Stevens explained that the bundle included a prescription pad for over-the-counter symptom management aimed at improving symptoms when antibiotics are not indicated, a prepopulated antimicrobial order panel aimed at improving prescribing when antibiotics are indicated, multifaceted educational tools and a comprehensive data model.

To assess the frequency of unnecessary antibiotic prescribing for tier 3 respiratory infection (URI) syndromes before and after this intervention, Stevens and colleagues conducted a quasi-experimental, pre/post, retrospective cohort study. All outpatient encounters of adult and pediatric patients between Jan. 1, 2019, and Dec. 31, 2022, from primary care, urgent care and emergency medicine specialties with a tier 3 URI diagnosis were included.

There were 165,658 tier 3 encounters throughout the study — 96,125 in the preintervention period and 69,533 in the postintervention period. The study showed that after the bundle implementation, the prescribing rate for tier 3 encounters decreased from 21.7% to 11.2% (P < .001). Stevens added that these reductions were seen across all diagnostic categories and all care specialties evaluated.

The researchers also assessed repeat 14-day respiratory health care contact. Stevens explained that patients who receive an antibiotic at their index visit were less likely to have repeat contact with the health care system, although they observed a small decrease in the rate of repeat health care contact in the postimplementation cohort. Specifically, the study showed that repeat health care encounters decreased from 9.9% to 9.4% (P = .004).

“Even though antimicrobial stewardship implementation in outpatient care settings presents some unique challenges, it is of critical importance in ongoing efforts to preserve the utility of this valuable resource,” Stevens said. “Outpatient ASP can be complex given the large number of encounters, lack of centrality of staffing, lack of control over dispensing, and short duration of patient contact.”

He added that data, metrics and benchmarking are not as well defined in the outpatient ASP space as compared with inpatient ASP, which he said can be “intimidating” for programs looking to stand up new initiatives.

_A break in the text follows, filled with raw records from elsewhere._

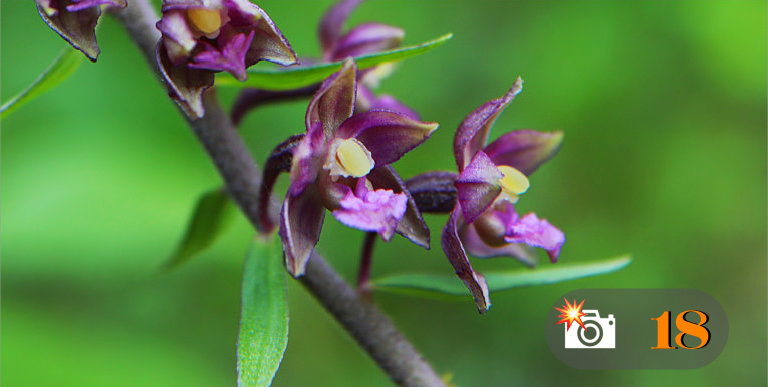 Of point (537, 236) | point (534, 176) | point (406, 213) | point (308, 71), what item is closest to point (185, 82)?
point (308, 71)

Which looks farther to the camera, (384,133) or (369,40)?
(369,40)

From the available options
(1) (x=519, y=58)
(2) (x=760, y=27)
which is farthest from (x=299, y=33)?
(2) (x=760, y=27)

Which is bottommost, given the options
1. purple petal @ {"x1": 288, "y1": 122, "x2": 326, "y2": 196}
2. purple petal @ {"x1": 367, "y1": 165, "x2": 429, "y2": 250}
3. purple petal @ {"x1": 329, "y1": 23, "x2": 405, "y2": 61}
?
purple petal @ {"x1": 367, "y1": 165, "x2": 429, "y2": 250}

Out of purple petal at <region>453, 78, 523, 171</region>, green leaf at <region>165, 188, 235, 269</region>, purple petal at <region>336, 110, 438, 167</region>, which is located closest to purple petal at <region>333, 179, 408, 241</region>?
purple petal at <region>336, 110, 438, 167</region>

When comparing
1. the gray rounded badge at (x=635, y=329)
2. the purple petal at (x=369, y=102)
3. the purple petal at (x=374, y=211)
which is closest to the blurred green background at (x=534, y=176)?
the gray rounded badge at (x=635, y=329)

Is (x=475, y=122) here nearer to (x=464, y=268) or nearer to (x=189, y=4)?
(x=464, y=268)

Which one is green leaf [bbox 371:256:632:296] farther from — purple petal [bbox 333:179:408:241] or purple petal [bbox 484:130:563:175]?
purple petal [bbox 333:179:408:241] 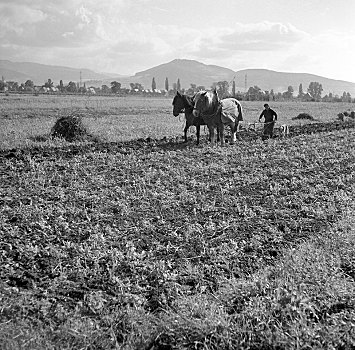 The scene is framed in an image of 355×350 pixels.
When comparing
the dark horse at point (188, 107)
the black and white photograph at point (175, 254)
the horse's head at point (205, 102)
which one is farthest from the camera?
the dark horse at point (188, 107)

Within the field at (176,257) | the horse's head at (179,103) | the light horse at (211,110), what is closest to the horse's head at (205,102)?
the light horse at (211,110)

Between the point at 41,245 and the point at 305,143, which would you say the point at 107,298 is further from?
the point at 305,143

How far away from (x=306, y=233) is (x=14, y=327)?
14.4 feet

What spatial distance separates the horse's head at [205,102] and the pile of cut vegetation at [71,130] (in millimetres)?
5173

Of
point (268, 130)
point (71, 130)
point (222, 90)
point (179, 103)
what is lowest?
point (71, 130)

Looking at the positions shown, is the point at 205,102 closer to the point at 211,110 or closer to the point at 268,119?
the point at 211,110

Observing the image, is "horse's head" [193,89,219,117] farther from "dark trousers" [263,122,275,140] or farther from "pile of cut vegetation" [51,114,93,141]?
"pile of cut vegetation" [51,114,93,141]

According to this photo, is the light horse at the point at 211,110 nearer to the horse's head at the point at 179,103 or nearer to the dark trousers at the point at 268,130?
the horse's head at the point at 179,103

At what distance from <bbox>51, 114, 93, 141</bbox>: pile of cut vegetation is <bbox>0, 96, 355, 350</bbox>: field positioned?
585cm

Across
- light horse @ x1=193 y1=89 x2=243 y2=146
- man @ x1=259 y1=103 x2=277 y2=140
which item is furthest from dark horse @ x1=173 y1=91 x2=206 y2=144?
man @ x1=259 y1=103 x2=277 y2=140

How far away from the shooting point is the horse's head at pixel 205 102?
14.4 m

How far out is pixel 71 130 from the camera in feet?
56.1

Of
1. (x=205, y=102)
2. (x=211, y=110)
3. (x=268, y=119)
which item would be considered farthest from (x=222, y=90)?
(x=205, y=102)

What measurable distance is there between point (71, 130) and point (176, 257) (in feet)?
41.7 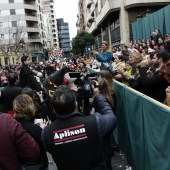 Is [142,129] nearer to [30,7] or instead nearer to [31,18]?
[31,18]

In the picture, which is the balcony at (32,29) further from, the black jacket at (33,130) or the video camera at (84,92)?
the black jacket at (33,130)

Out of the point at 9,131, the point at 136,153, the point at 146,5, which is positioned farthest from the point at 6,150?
the point at 146,5

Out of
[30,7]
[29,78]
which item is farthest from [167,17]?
[30,7]

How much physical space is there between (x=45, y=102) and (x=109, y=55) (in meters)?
3.01

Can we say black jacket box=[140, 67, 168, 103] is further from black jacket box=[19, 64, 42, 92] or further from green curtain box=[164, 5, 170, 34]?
green curtain box=[164, 5, 170, 34]

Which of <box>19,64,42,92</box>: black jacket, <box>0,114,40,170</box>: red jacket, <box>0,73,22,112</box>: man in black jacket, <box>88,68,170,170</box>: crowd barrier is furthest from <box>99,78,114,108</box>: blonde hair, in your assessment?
<box>19,64,42,92</box>: black jacket

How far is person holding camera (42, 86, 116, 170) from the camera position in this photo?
9.04 ft

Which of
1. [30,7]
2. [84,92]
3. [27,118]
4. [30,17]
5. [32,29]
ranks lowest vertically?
[27,118]

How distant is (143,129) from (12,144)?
73.0 inches

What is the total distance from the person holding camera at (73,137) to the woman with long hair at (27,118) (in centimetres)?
50

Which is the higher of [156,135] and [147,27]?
[147,27]

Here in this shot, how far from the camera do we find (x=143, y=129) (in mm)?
3902

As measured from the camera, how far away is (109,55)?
25.2 feet

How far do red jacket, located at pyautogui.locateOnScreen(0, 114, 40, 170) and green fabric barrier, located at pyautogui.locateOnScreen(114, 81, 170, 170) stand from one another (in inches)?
56.0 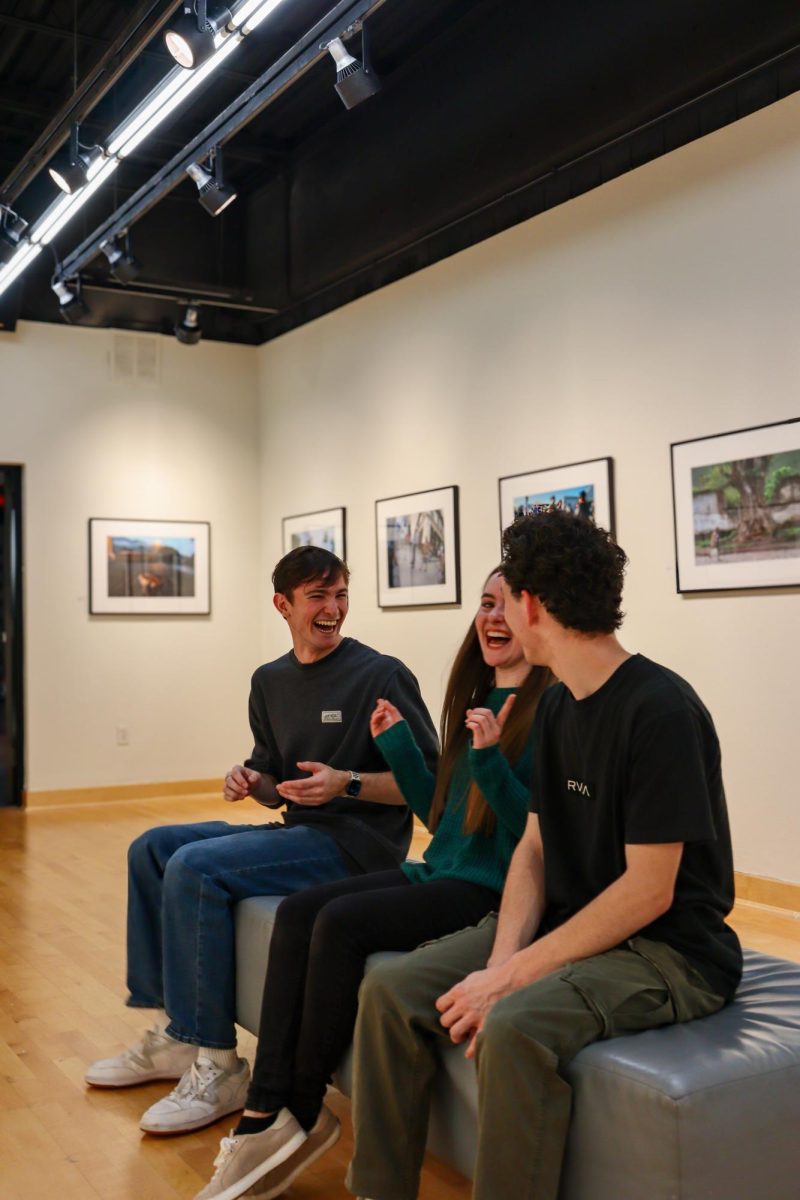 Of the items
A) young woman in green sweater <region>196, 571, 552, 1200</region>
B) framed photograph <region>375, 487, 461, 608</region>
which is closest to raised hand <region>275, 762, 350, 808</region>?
young woman in green sweater <region>196, 571, 552, 1200</region>


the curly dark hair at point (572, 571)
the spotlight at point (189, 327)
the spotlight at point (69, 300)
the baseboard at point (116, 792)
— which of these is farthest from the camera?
the baseboard at point (116, 792)

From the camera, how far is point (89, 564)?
29.3 ft

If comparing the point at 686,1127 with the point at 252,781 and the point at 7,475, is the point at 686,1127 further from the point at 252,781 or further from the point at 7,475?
the point at 7,475

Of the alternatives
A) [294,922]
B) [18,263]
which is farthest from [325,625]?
[18,263]

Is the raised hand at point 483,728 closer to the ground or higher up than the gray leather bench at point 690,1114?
higher up

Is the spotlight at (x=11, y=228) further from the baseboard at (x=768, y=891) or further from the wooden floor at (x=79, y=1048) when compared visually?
the baseboard at (x=768, y=891)

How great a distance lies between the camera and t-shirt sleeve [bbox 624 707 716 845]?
1879mm

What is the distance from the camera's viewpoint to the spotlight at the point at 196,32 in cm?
450

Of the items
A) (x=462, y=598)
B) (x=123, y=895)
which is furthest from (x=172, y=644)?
(x=123, y=895)

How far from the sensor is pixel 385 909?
2.43 meters

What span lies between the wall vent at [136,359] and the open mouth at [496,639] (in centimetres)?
713

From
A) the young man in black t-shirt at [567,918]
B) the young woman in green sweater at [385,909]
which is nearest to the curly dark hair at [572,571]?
the young man in black t-shirt at [567,918]

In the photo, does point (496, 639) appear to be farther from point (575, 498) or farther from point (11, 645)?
point (11, 645)

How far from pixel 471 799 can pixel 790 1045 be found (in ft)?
2.73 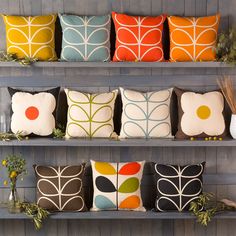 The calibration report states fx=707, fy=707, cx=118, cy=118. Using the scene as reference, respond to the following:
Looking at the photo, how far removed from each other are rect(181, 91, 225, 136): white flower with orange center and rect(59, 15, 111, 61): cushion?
664 mm

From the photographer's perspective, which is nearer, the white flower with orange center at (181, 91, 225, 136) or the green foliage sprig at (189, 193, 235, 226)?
the green foliage sprig at (189, 193, 235, 226)

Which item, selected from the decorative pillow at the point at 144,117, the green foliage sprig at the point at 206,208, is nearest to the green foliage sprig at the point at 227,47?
the decorative pillow at the point at 144,117

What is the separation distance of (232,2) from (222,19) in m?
0.14

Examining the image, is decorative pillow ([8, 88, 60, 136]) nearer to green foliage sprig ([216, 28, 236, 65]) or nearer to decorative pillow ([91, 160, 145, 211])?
decorative pillow ([91, 160, 145, 211])

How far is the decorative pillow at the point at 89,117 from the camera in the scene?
16.4 feet

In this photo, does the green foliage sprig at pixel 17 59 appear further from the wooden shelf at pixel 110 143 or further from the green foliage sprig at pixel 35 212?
the green foliage sprig at pixel 35 212

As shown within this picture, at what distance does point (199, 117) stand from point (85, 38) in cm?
98

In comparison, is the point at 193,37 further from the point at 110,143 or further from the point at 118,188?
the point at 118,188

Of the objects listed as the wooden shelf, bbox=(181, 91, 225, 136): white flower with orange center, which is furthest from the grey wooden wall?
the wooden shelf

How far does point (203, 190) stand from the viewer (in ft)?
17.1

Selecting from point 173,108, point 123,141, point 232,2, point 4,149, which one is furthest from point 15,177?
point 232,2

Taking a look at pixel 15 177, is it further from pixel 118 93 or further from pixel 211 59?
pixel 211 59

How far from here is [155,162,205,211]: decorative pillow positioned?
4984 millimetres

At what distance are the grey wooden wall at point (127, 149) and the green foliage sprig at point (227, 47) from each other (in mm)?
131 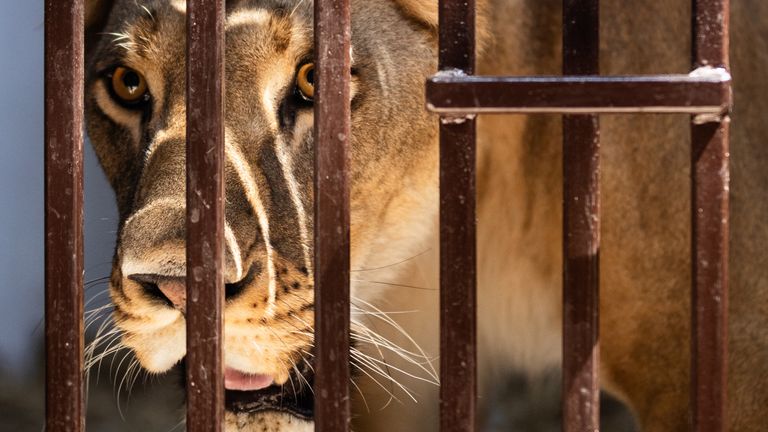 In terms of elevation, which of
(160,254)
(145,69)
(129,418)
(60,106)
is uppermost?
(145,69)

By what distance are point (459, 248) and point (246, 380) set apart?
844 mm

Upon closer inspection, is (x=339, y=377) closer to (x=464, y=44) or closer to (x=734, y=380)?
(x=464, y=44)

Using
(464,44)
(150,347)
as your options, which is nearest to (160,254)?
(150,347)

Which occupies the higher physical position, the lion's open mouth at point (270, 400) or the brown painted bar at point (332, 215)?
the brown painted bar at point (332, 215)

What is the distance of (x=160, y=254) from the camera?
1.43m

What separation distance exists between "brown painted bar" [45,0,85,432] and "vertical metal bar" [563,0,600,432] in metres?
0.50

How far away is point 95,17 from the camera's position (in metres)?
1.92

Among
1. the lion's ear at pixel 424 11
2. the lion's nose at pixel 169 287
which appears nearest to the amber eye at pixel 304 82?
the lion's ear at pixel 424 11

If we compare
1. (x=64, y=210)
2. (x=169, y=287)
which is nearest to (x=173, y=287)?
(x=169, y=287)

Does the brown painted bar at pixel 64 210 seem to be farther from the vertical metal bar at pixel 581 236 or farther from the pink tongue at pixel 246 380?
the pink tongue at pixel 246 380

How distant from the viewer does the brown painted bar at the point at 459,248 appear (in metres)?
0.96

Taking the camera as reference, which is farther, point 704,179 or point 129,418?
point 129,418

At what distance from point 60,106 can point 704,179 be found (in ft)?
2.14

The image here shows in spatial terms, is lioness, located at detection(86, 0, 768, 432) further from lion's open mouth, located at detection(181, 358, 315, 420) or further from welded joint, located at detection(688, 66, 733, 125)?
welded joint, located at detection(688, 66, 733, 125) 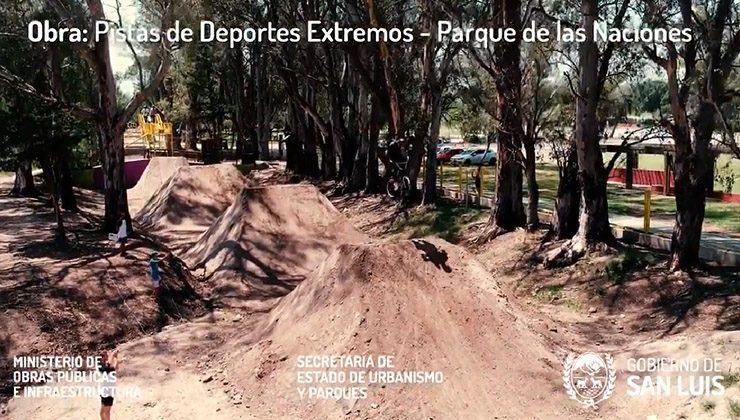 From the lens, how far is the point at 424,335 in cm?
997

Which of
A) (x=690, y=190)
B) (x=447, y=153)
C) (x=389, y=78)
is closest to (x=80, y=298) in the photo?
(x=690, y=190)

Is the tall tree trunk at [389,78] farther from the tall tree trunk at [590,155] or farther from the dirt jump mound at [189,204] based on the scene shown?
the tall tree trunk at [590,155]

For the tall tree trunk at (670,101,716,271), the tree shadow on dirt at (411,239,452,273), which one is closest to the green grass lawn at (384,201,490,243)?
the tall tree trunk at (670,101,716,271)

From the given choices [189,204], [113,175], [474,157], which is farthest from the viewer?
[474,157]

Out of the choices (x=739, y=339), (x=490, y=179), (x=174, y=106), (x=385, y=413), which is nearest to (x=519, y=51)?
(x=739, y=339)

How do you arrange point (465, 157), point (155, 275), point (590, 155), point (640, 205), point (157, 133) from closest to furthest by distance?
point (155, 275), point (590, 155), point (640, 205), point (465, 157), point (157, 133)

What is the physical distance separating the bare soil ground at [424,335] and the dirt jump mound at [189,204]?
26.1 ft

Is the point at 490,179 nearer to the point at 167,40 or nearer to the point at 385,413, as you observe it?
the point at 167,40

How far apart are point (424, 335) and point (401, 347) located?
0.45 meters

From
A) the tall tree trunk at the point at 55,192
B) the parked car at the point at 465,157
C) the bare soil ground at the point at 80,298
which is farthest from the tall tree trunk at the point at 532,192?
the parked car at the point at 465,157

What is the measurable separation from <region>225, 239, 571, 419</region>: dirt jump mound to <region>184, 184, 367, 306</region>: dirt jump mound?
470cm

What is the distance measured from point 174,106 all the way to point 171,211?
2976 centimetres

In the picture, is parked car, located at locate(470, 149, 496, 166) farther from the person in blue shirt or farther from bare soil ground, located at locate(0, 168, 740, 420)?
the person in blue shirt

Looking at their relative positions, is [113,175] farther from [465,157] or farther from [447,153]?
[447,153] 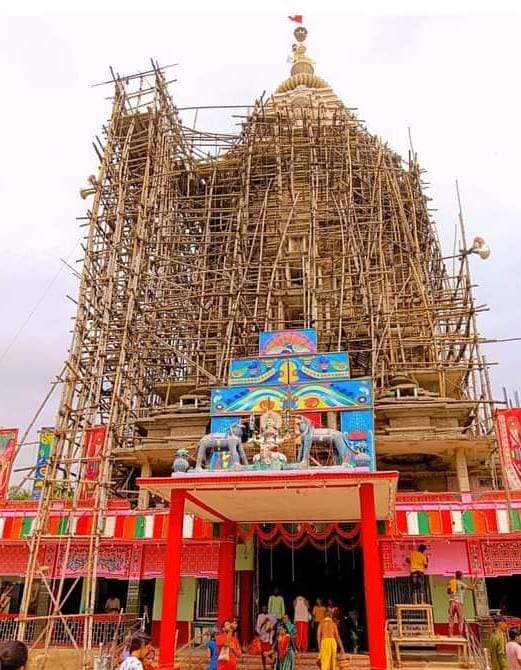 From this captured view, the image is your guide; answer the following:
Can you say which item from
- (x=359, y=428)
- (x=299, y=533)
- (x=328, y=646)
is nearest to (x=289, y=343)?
(x=359, y=428)

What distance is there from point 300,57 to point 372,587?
33.3m

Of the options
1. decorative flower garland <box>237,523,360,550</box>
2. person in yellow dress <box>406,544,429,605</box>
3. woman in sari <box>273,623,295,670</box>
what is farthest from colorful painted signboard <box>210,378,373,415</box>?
woman in sari <box>273,623,295,670</box>

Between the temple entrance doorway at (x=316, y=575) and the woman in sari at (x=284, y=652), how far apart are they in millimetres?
6813

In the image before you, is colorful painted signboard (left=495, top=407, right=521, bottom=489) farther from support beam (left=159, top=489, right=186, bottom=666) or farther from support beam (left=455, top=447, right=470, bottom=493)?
support beam (left=159, top=489, right=186, bottom=666)

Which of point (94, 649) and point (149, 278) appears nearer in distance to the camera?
point (94, 649)

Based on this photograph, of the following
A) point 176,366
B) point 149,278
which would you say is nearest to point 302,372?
point 176,366

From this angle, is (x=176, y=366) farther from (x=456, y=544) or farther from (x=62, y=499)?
(x=456, y=544)

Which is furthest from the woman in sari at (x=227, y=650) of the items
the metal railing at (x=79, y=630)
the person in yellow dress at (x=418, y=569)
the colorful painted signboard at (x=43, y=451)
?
the colorful painted signboard at (x=43, y=451)

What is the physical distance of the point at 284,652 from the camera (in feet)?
37.7

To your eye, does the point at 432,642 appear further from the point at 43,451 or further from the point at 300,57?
the point at 300,57

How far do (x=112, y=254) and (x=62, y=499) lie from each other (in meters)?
8.05

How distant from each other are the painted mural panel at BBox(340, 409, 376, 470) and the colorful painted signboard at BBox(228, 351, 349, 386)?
1237 mm

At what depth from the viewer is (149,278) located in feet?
73.9

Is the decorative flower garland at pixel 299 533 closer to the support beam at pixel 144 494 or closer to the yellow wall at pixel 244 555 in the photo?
the yellow wall at pixel 244 555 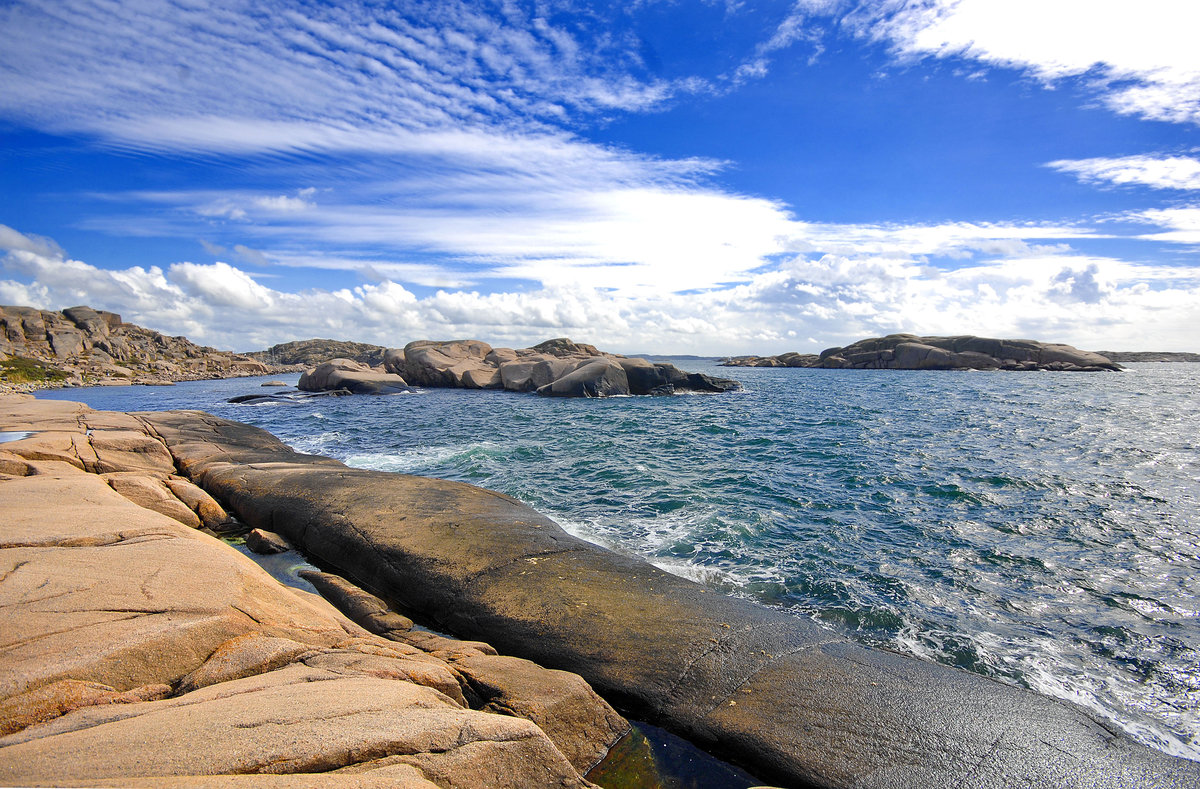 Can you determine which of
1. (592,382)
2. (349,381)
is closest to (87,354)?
(349,381)

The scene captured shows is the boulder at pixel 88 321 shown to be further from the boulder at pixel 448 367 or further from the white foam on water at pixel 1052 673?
the white foam on water at pixel 1052 673

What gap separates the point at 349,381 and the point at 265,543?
40.5m

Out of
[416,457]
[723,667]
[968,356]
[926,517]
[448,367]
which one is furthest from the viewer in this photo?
[968,356]

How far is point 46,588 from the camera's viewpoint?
15.0ft

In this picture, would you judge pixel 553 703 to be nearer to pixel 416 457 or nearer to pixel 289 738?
pixel 289 738

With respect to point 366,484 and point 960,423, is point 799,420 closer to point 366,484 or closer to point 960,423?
point 960,423

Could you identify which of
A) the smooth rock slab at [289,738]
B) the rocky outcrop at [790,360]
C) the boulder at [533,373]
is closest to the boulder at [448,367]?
the boulder at [533,373]

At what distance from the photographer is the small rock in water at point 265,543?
910cm

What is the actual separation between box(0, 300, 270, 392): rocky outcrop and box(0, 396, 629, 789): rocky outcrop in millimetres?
77621

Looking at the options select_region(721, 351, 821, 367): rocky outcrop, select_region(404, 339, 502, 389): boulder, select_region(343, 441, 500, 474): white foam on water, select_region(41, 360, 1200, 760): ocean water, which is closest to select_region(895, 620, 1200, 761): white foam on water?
select_region(41, 360, 1200, 760): ocean water

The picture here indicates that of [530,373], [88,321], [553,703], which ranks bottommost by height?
[553,703]

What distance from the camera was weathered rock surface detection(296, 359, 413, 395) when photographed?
46.0 meters

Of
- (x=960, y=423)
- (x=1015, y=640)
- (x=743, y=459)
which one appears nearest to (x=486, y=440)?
(x=743, y=459)

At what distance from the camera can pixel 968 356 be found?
7825 cm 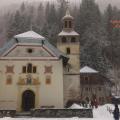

“All of this considered, a comprehensive team with a specific goal with the right tools can have a tremendous impact on the quality of care provided and unnecessary or inappropriate antimicrobial prescribing,” Stevens said. “We estimate that our efforts prevented approximately 7,300 unnecessary antimicrobial prescriptions across the Mayo Clinic Enterprise in the postimplementation period.”